The Weight of Memory and the Light of Tomorrow; the 14th


There are moments when the past sits beside us like an old friend, uninvited yet familiar. It leans in during quiet evenings, whispering stories of classrooms, laughter, and the unspoken resilience that carried us through. 

Memory is not a passive archive—it is a living companion. It reminds me of the tragedy that carved me into who I am. It reminds me of nieces whose birthdays mark the passage of time, each candle a symbol of continuity. It reminds me of friends who became family, whose solidarity during illness was not charity but covenant. These recollections are not simply nostalgia; they are the scaffolding upon which tomorrow is built. 

Yet tomorrow is not guaranteed. Stroke taught me that. Paralysis taught me that. The irony of immobility is that it forces one to move inward, to journey through corridors of thought and spirit that daily busyness often conceals. In those corridors, I discovered resilience not as a heroic act but as a quiet discipline: waking up, writing, remembering, refusing to surrender dignity.

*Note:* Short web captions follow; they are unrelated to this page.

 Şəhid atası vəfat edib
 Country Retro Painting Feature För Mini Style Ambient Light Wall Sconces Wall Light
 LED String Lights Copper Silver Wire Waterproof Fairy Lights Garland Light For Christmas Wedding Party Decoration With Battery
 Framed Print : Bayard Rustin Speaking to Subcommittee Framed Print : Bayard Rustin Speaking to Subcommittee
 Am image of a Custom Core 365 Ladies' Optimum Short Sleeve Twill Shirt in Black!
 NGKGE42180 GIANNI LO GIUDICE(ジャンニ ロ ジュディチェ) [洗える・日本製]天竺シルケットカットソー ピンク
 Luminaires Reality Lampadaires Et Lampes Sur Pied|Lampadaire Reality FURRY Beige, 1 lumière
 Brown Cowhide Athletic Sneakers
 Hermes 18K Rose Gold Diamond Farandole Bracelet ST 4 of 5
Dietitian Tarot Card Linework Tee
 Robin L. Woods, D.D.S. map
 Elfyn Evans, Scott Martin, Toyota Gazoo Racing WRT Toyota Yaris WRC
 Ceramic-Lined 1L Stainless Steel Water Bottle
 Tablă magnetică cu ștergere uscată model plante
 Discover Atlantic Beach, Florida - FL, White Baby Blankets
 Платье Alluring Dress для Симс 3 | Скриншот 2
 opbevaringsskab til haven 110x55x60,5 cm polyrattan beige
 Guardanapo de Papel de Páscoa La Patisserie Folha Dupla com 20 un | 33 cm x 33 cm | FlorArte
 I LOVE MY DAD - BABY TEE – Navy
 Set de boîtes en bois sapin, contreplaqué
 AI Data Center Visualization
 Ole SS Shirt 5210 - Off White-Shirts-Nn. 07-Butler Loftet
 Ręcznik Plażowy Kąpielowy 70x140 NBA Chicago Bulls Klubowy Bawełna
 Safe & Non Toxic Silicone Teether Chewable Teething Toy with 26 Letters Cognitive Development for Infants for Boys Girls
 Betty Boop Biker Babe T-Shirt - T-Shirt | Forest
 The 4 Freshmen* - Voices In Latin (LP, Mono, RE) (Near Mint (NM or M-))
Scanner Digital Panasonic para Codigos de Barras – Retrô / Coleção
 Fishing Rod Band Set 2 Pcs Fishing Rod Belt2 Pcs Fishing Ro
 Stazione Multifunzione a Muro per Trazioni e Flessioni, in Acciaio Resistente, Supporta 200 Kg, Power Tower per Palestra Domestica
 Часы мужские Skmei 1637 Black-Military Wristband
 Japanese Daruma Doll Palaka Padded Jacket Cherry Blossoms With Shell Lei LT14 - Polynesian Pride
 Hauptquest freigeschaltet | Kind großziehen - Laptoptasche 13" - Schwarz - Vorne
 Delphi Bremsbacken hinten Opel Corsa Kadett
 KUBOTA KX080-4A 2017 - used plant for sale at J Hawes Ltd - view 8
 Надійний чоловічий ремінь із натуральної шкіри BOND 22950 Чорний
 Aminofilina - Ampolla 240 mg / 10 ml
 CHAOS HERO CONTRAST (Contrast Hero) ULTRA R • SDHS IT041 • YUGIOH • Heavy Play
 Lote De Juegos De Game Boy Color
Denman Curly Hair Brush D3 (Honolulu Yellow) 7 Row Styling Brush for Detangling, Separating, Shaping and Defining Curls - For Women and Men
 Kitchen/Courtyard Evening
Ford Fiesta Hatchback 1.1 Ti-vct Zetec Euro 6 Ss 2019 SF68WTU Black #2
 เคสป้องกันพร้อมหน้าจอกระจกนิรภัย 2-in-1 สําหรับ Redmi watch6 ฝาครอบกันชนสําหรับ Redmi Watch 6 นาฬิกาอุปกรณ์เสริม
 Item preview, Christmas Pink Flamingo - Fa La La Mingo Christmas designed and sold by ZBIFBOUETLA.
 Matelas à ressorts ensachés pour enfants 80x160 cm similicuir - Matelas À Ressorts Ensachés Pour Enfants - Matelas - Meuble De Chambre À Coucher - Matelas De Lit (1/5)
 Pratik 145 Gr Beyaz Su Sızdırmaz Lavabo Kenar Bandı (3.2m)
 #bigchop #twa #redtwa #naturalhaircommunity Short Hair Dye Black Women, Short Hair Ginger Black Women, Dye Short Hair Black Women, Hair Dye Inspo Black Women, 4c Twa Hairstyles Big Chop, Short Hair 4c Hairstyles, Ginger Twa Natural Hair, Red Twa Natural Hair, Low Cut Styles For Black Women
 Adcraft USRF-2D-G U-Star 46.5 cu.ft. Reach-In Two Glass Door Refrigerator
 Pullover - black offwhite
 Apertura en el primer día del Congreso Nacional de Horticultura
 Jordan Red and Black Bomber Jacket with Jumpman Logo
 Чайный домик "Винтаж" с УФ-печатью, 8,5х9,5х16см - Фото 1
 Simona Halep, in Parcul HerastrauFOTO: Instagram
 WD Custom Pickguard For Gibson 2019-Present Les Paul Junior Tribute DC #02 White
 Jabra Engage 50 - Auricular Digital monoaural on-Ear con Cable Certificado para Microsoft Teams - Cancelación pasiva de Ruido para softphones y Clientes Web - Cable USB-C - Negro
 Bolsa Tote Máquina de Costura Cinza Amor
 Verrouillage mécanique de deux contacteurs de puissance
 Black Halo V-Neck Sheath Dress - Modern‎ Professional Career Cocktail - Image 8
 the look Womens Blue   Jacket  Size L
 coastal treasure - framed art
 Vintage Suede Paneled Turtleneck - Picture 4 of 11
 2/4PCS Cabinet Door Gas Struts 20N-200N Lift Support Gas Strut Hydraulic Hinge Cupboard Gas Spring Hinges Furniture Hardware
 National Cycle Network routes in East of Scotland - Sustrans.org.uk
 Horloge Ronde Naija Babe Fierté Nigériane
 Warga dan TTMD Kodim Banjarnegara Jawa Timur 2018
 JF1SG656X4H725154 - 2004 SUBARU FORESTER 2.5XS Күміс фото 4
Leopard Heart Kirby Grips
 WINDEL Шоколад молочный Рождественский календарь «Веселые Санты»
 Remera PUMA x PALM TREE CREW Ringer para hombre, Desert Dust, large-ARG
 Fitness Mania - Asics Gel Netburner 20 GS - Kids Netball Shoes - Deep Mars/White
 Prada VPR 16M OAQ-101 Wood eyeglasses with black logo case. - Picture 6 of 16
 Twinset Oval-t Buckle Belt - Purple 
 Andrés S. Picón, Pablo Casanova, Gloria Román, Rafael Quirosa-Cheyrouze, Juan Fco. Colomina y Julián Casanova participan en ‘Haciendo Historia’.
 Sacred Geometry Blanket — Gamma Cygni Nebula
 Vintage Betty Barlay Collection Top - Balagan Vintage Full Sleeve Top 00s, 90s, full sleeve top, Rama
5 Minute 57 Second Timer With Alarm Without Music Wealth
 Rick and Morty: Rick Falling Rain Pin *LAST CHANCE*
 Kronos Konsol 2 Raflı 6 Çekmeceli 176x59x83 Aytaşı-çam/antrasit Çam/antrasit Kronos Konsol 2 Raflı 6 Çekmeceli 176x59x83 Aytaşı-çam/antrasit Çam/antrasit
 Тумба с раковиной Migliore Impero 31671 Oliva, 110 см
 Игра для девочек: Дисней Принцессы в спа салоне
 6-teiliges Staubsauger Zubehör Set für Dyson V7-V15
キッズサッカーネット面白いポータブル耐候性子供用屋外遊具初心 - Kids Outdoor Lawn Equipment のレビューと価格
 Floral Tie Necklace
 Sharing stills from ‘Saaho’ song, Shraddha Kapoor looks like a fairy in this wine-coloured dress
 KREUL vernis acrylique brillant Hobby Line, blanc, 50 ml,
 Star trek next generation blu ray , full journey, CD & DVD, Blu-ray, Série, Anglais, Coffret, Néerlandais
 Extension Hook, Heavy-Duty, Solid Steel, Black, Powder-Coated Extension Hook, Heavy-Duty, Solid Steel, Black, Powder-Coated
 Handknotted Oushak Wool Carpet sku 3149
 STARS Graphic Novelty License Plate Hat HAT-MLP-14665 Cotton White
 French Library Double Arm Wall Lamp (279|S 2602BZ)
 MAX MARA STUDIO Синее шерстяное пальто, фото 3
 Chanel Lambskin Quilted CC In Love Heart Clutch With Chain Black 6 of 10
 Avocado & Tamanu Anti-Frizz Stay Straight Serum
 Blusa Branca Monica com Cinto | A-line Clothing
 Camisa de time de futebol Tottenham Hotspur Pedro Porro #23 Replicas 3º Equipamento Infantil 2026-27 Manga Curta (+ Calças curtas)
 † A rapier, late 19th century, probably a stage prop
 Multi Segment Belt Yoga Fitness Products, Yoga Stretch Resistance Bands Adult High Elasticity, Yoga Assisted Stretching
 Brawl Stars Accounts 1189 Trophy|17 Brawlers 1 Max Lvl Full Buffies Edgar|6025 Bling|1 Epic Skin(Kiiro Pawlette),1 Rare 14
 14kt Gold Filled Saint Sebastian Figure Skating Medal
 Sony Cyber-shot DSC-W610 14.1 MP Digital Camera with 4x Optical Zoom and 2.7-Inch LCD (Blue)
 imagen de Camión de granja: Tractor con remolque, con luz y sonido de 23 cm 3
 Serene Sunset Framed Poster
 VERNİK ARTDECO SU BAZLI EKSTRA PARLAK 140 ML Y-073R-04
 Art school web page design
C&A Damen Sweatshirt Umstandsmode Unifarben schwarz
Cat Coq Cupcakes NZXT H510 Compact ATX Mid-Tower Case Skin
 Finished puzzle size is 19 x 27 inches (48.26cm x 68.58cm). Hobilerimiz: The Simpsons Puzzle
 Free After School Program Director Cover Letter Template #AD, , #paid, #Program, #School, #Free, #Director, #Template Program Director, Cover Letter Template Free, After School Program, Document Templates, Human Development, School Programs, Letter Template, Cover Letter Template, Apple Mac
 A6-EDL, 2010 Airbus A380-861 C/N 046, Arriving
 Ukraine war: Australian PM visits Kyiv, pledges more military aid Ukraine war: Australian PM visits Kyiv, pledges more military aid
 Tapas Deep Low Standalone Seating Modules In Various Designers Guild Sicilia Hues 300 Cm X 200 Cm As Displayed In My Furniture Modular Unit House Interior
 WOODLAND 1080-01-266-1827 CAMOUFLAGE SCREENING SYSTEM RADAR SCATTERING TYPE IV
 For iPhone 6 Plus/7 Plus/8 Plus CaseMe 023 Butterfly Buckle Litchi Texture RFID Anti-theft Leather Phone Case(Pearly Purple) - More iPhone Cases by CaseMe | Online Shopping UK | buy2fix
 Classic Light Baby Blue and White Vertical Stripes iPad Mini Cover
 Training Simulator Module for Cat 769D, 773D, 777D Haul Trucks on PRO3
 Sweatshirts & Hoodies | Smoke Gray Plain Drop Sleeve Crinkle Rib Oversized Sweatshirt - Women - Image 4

What, then, is the task of memory? It is to remind us that we are not accidents of history but authors of it.  To write is to weave, and to weave is to resist forgetting. 

So I got a notification from WordPress recently and it’s my 14th anniversary and oh my I think I am (this) the oldest blogger/blog.
 

So I write—not because words are enough, but because they are what I have. And in writing, I find that memory is not heavy after all. It is light, guiding me toward a tomorrow that, though uncertain, is still mine to claim. To more writing and getting better

1 Comment

  1. Linda Mchawi's avatar Linda Mchawi says:

    Happy 14th Mwene! I was writing earlier this morning and did not realise how much time had passed. There is something about writing. And to quote you : To write is to weave, and to weave is to resist forgetting.